We’ve already surpassed the peak telecom spending of the dot-com bubble. But unlike railroads that last centuries or fiber that remains useful for decades, AI infrastructure depreciates faster than that.
This creates what I call the “Perpetual Capex Trap.” Companies can’t stop spending because their competitors won’t stop. Microsoft can’t let Google gain an advantage in model capabilities. Amazon can’t let Microsoft dominate cloud AI services. Meta can’t afford to fall behind in AI infrastructure. It’s a trillion-dollar prisoner’s dilemma where cooperation is impossible and competition demands endless escalation.
The financial markets initially celebrated this spending as visionary investment in the future. But cracks are appearing. Investors increasingly question whether revenue will ever justify these astronomical investments. The concern isn’t that AI doesn’t work—it clearly does.

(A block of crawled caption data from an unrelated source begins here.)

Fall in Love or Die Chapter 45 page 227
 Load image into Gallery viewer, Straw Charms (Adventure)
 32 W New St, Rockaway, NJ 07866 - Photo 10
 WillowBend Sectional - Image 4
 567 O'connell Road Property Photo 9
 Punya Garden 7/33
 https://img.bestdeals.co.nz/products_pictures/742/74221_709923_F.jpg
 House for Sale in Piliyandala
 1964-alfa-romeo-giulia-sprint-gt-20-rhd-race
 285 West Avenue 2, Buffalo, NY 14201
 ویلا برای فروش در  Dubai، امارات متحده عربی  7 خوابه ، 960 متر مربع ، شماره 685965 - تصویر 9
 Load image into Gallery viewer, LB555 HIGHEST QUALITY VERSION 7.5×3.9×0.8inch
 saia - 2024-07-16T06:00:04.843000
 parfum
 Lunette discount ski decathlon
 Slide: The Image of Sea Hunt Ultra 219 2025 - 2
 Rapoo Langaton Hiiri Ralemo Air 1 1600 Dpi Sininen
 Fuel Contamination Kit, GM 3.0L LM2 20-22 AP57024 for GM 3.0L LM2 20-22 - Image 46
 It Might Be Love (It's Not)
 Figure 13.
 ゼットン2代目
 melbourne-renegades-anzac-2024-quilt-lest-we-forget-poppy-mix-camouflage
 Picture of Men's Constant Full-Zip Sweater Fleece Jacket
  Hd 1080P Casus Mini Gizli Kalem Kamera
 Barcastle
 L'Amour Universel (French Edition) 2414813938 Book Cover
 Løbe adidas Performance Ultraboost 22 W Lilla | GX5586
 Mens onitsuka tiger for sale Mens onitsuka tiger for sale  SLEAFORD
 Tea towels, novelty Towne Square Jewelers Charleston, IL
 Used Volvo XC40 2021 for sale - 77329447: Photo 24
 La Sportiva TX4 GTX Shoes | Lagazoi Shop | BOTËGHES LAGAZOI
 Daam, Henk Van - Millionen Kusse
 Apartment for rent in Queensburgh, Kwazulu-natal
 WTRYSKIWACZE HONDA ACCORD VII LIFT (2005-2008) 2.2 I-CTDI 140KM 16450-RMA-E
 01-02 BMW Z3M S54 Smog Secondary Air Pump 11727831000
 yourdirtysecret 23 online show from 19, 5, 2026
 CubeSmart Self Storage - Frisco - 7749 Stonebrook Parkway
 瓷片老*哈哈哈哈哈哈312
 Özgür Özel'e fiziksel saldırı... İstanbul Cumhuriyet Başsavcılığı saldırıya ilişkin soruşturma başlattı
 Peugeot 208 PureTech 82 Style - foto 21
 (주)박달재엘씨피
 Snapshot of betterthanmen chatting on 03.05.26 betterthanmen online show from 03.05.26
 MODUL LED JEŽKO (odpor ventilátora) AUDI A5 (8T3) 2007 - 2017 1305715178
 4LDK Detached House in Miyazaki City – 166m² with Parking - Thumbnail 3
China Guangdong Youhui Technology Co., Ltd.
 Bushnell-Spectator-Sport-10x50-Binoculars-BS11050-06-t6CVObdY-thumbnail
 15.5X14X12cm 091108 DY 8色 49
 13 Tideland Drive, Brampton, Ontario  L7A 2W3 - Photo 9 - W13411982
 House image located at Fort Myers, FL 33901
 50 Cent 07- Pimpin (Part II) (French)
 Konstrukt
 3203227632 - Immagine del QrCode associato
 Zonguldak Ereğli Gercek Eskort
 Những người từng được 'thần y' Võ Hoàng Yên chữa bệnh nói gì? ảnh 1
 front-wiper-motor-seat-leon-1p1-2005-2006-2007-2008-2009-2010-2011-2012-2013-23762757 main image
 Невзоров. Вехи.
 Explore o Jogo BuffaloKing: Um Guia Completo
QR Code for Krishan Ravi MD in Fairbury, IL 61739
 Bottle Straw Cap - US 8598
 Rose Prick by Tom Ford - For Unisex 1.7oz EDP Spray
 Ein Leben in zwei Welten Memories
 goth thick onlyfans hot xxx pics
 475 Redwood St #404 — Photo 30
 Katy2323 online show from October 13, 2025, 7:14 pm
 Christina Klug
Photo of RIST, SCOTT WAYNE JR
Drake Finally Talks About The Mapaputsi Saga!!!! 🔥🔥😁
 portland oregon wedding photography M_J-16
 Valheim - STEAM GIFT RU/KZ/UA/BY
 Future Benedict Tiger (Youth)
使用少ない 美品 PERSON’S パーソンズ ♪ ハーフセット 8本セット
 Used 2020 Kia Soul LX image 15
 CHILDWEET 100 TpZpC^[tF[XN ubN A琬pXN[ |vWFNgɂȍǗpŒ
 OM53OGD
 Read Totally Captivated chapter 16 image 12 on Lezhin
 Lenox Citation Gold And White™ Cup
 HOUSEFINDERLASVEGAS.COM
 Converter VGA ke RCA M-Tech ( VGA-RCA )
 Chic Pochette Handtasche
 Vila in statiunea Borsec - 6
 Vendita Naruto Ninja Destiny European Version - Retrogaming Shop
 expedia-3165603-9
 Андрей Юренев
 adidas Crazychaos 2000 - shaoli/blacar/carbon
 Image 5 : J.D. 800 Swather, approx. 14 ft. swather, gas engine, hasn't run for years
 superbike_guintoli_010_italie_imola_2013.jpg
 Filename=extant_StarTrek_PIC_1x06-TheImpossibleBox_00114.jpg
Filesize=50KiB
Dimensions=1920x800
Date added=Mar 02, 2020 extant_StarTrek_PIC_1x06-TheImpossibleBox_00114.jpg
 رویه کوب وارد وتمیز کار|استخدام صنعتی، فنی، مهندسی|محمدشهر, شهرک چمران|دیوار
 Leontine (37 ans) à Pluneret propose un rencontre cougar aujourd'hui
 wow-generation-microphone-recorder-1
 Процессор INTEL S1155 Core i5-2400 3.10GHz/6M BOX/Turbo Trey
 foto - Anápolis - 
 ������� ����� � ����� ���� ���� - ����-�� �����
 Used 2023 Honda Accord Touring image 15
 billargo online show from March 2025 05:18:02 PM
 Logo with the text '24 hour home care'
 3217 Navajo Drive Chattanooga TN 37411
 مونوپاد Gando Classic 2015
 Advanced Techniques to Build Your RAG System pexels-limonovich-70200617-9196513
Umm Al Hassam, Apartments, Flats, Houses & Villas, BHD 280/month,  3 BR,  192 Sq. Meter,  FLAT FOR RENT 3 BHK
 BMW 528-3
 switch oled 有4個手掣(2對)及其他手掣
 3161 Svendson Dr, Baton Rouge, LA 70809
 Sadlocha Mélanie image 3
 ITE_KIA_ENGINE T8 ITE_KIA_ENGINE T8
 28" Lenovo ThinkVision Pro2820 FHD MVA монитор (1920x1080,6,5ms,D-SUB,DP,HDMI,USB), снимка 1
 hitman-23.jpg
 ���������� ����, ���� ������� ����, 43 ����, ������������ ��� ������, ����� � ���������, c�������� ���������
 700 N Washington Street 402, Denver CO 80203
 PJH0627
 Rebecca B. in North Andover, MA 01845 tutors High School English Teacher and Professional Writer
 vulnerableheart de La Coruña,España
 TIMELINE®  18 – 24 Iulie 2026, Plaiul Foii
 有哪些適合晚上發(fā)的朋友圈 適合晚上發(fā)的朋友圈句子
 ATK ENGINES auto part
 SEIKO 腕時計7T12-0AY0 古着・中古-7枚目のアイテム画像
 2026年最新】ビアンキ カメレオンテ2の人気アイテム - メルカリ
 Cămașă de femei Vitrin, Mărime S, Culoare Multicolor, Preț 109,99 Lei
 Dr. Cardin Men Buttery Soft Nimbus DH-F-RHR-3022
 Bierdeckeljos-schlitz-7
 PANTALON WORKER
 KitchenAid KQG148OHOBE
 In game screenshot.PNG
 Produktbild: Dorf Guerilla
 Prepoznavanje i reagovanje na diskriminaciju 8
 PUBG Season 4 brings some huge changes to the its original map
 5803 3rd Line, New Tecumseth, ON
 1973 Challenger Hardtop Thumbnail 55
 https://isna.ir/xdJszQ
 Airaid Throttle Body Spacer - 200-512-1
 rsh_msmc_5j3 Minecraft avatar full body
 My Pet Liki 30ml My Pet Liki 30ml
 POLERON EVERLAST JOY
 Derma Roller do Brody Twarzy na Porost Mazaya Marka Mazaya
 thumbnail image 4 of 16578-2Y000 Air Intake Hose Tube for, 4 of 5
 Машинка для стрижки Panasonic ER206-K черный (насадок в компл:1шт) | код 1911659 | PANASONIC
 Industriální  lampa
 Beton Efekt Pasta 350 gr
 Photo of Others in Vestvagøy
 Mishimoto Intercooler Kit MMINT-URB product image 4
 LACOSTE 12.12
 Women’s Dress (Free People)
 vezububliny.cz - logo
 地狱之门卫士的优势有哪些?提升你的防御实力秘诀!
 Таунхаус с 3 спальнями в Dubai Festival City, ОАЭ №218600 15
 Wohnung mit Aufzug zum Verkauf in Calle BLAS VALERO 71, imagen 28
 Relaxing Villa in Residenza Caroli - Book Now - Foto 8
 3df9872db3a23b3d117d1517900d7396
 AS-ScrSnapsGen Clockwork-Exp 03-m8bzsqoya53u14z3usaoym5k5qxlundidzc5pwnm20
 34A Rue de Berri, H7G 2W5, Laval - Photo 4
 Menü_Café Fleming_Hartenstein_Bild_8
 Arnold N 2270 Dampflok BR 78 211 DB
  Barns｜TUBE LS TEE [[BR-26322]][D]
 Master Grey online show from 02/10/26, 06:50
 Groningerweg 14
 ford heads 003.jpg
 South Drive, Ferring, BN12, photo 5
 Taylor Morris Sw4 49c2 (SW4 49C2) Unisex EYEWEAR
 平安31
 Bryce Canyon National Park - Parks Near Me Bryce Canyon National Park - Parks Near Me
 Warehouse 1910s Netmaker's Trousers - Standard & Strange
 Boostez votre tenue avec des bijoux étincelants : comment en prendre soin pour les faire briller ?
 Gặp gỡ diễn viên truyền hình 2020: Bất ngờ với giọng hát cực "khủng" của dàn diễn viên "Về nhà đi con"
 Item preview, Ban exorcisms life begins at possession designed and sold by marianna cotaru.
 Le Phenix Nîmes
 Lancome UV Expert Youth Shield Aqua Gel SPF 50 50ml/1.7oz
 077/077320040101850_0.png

The concern is that the infrastructure arms race might permanently destroy profit margins. When every competitor has similar capabilities, pricing power evaporates, and the massive fixed costs of AI infrastructure become an albatross rather than an advantage.
Most ominously, this concentration of investment in four companies creates systemic risk. If even one of these companies significantly pulls back, it could trigger a cascade of reduced spending that crashes the entire AI ecosystem.
And to be clear, that is a rational choice on the part of these players, as if you’re part of the race, you can pull up on infrastructure spend, if at all, you’ve got to double down!